What you should do: Quote, without any change, the line that contains "Holiday Inn Express" and all lines that follow it to the end of the data below.

Data extract:

────────────────────────────────────────

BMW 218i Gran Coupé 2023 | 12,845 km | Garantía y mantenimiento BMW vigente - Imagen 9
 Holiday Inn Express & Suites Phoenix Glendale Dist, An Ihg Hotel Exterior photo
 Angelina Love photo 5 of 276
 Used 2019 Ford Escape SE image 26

────────────────────────────────────────

Answer section:
 Holiday Inn Express & Suites Phoenix Glendale Dist, An Ihg Hotel Exterior photo
 Angelina Love photo 5 of 276
 Used 2019 Ford Escape SE image 26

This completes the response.